Star of Danger by Marion Zimmer Bradley

Kennard swallowed. His eyes blazed fire, and Larry braced himself for another outburst of that flaying, dreadful Alton rage, but it was checked before it began. Kennard clenched his fists, but he spoke grimly, through his teeth.

“I’ll kill you for that, some day—but right now, you’ll see whether a Terran can lead an Alton on his own world. Try it.”

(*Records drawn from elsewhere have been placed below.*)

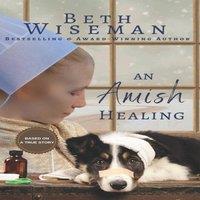 Beth Wiseman An Amish Healing (A Romance): Includes Amish Recipes & Reading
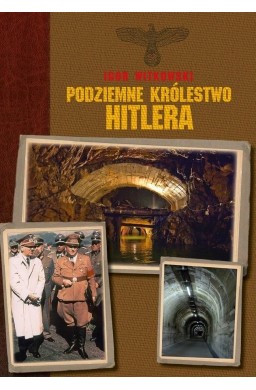 Podziemne królestwo Hitlera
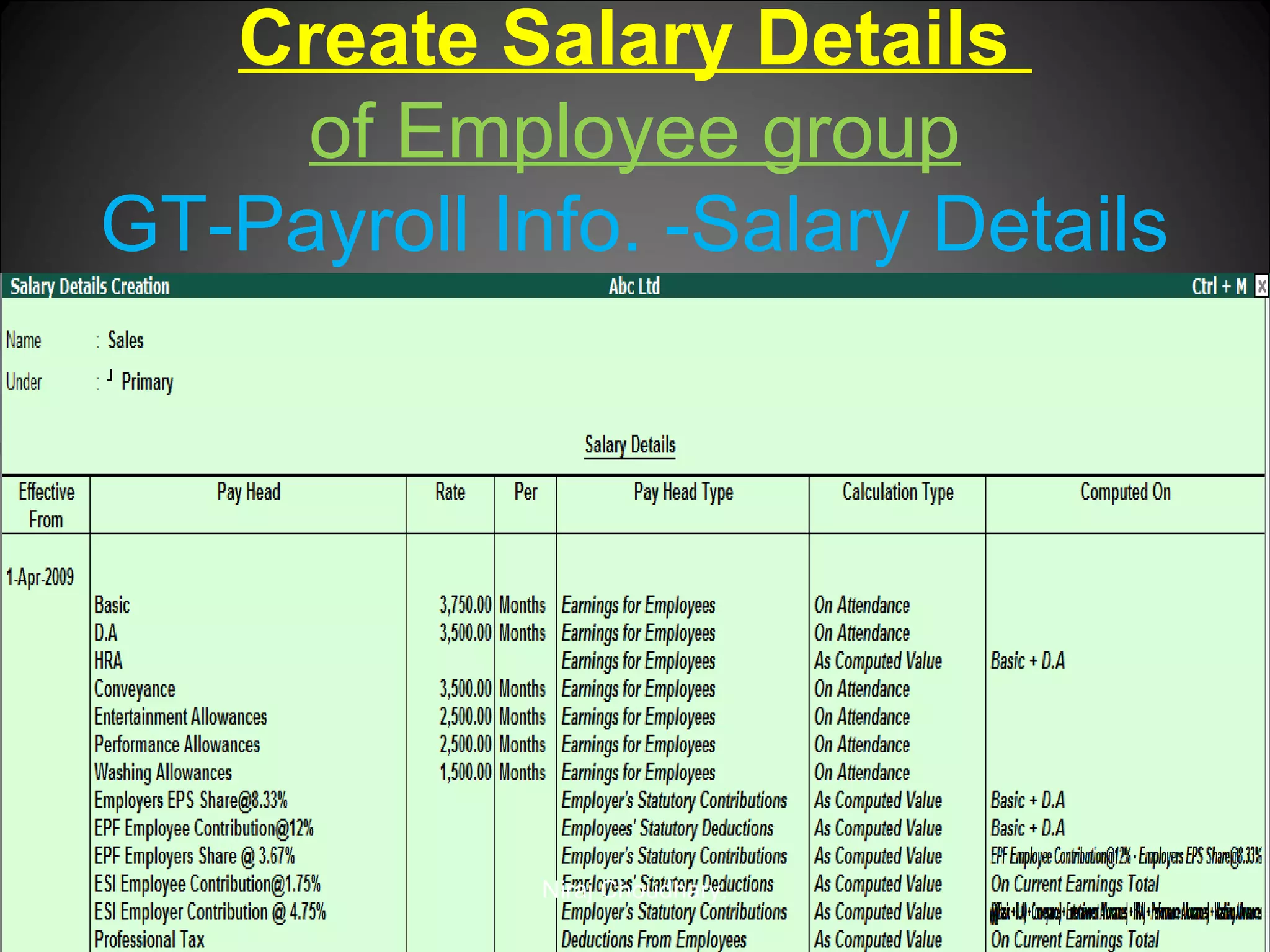 Create Salary Details
of Employee group
GT-Payroll Info. -Salary Details

Niraj Choudhary.

 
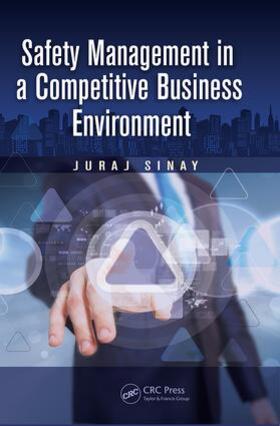 Sinay |  Safety Management in a Competitive Business Environment | Buch |  Sack Fachmedien
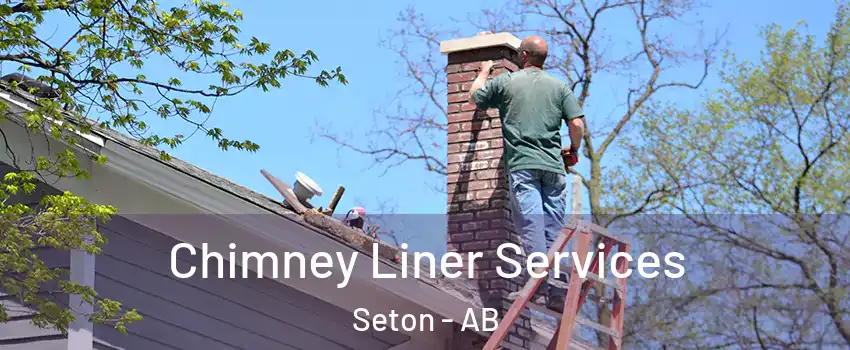  Chimney Liner Services Seton - AB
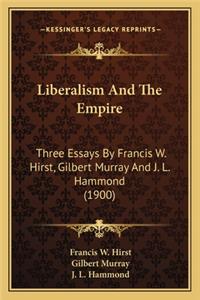 Liberalism and the Empire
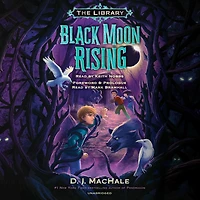 Black Moon Rising (The Library Book 2)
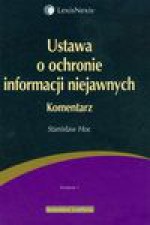 Ustawa o ochronie informacji niejawnych Komentarz - Stanisław Hoc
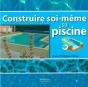 Construire Soi-Même Sa Piscine - Preview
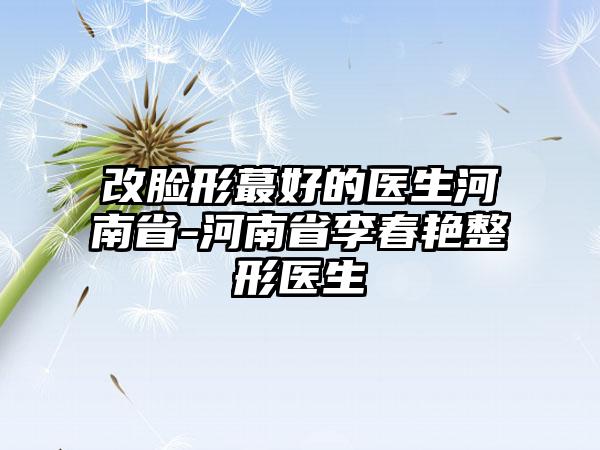 改脸形蕞好的医生河南省-河南省李春艳整形医生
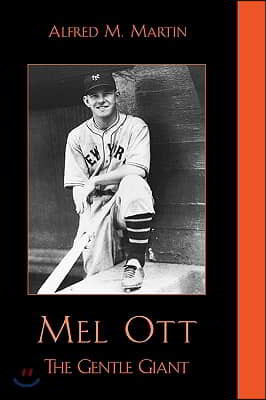 Mel Ott: The Gentle Giant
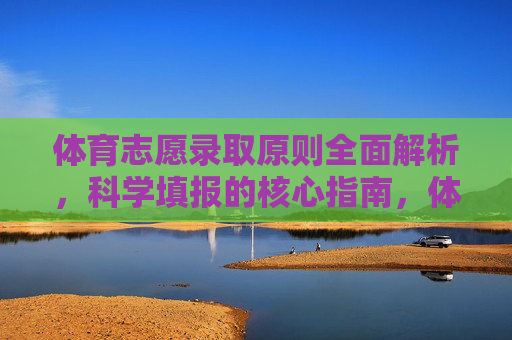 体育志愿录取原则全面解析,科学填报的核心指南,体育志愿录取原则全面解析,科学填报核心指南 体育志愿录取原则全面解析,科学填报的核心指南,体育志愿录取原则全面解析,科学填报核心指南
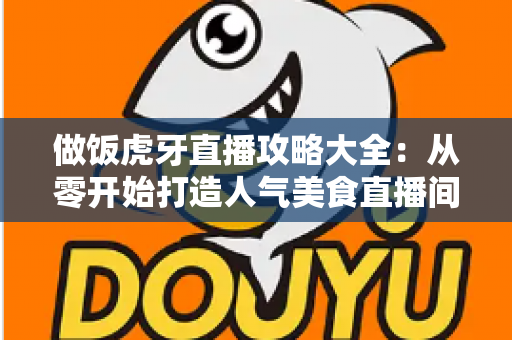 做饭虎牙直播攻略大全：从零开始打造人气美食直播间的实战指南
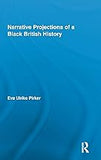 Narrative Projections of a Black British History (Routledge Approaches to History)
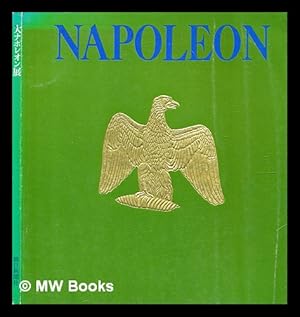 Seller image for L'Exposition Napolon et Son Epoque / Dai Naporeon Ten = L'Exposition Napolon et Son Epoque / by Asahi Shinbunsha. T ky Honsha. Kikakubu.; Mitsukoshi, Kabushiki Kaisha. Honten for sale by MW Books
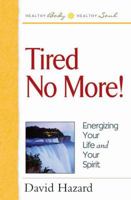 Tired No More!: Energizing Your Life and Your Spirit (Healthy Body, Healthy Soul) 0736911952 Book Cover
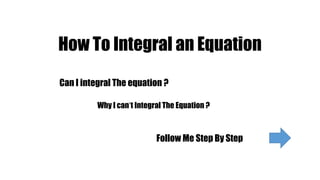 How To Integral an Equation
Follow Me Step By Step
Can I integral The equation ?
Why I can’t Integral The Equation ?
 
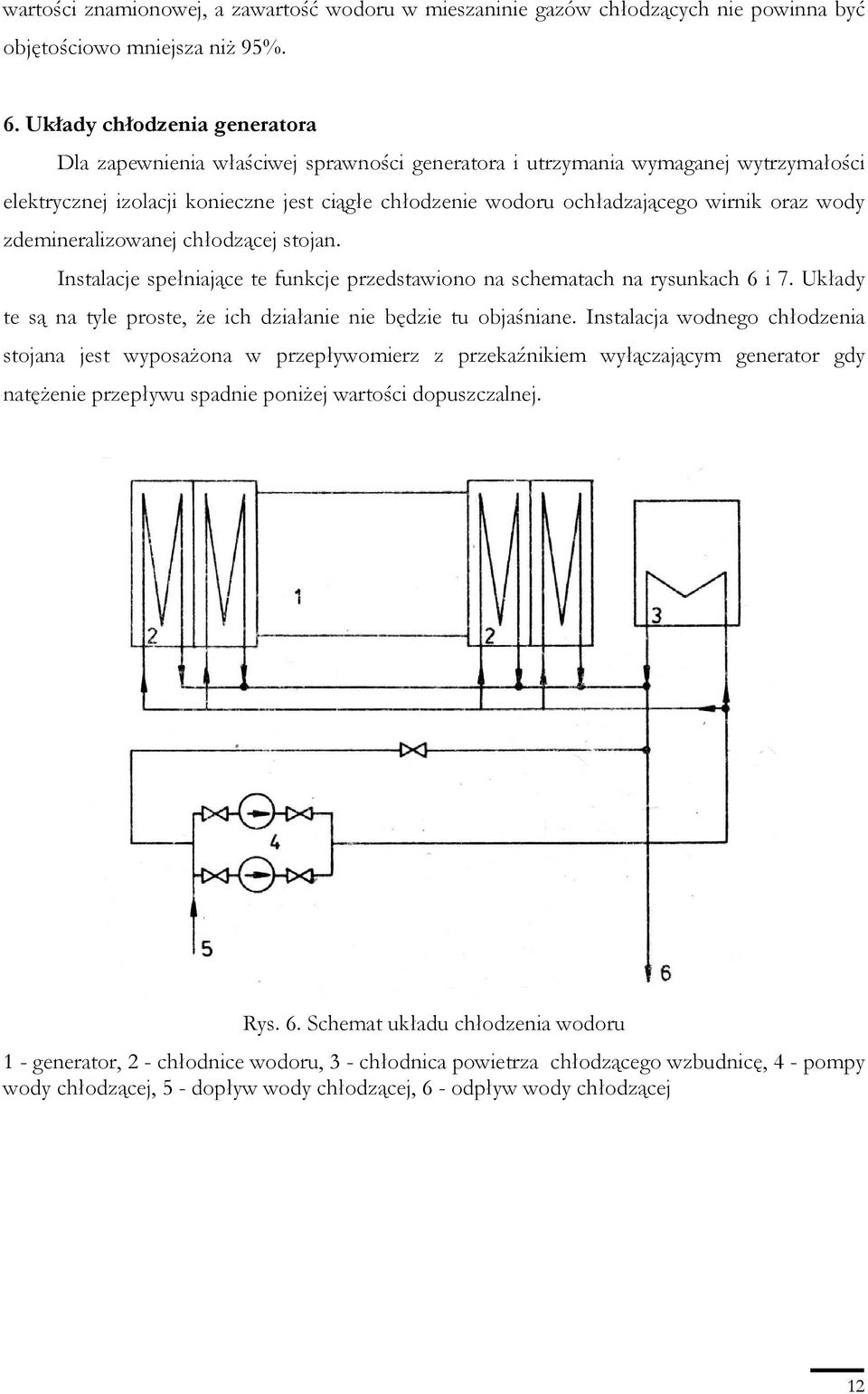 oraz wody zdemineralizowanej chłodzącej stojan. Instalacje spełniające te funkcje przedstawiono na schematach na rysunkach 6 i 7.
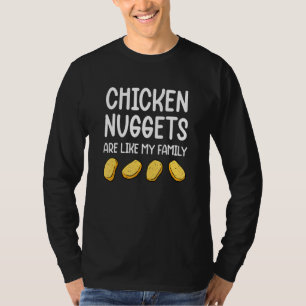 T-shirt Les Nuggets De Poulet Sont Comme Mon Famille Homme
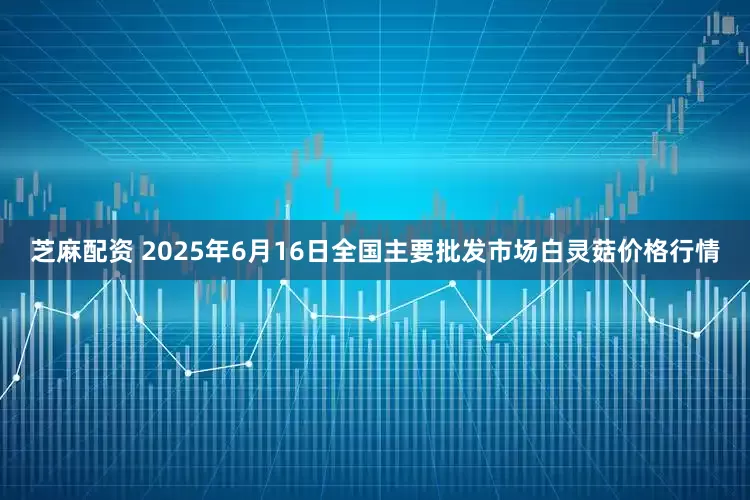 芝麻配资 2025年6月16日全国主要批发市场白灵菇价格行情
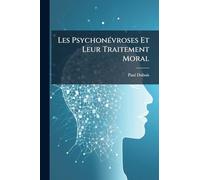 Les PsychonÃ(c)vroses Et Leur Traitement Moral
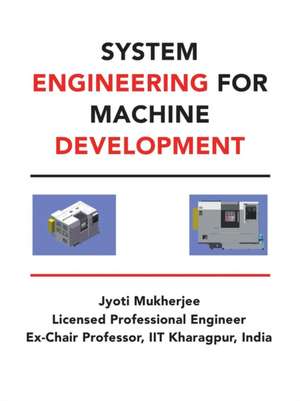 System Engineering for Machine Development de Jyoti Mukherjee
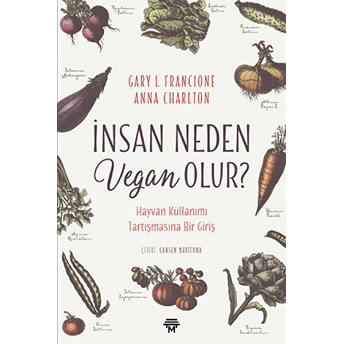 Insan Neden Vegan Olur? Anna Charlton , Gary L. Francione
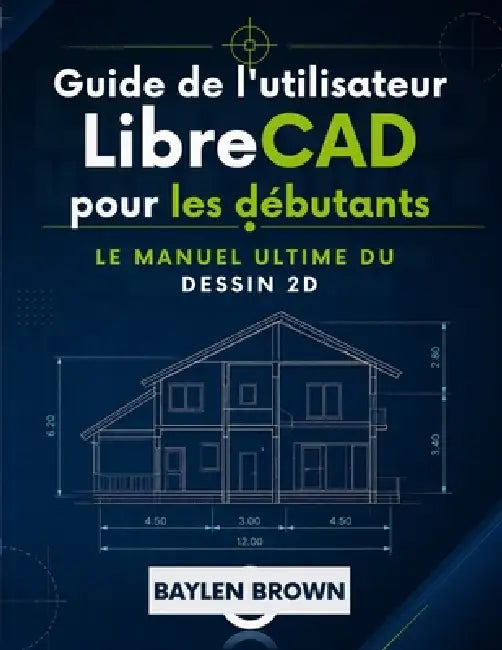 Guide de l'utilisateur de LibreCAD pour les débutants: Le manuel ultime du dessin 2D by Baylen Brown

“That’s the way to talk,” Larry said, deliberately jovial to infuriate Kennard’s despairing dignity. “If we’re going to die anyhow, we might as well do it while we’re doing something about it! To hell with dying with dignity! Make the blasted beast fight for his dinner if he wants it—kicking and scratching!”

Kennard laid his hand on his knife. He said “He’ll get a fight—”

Larry gripped his wrist, “No! Warmth and movement are what he senses! Damn you and your heroics! Common sense is what we need. Hell, I know you’re brave, but try showing some brains too!”

Kennard froze. He said through barely moving lips, “All right. I said I’d follow your lead. What do I do now?”

Larry thought fast. He had pulled Kennard out of his fit of despair, but now he had to offer something. If he was going to take the lead, he had to lead—and do if damned fast!

The banshee sensed warmth and movement.

Therefore, it must be something like the kyrri; and the only way to outwit it was with cold, and stillness. But they could freeze to death and it could outwait them. Or else—

The idea struck him.

“Listen! You run one way and I’ll run the other—”

Kennard said, “Drawing lots for death? I accept that. Whichever one of us he takes, the other goes free?”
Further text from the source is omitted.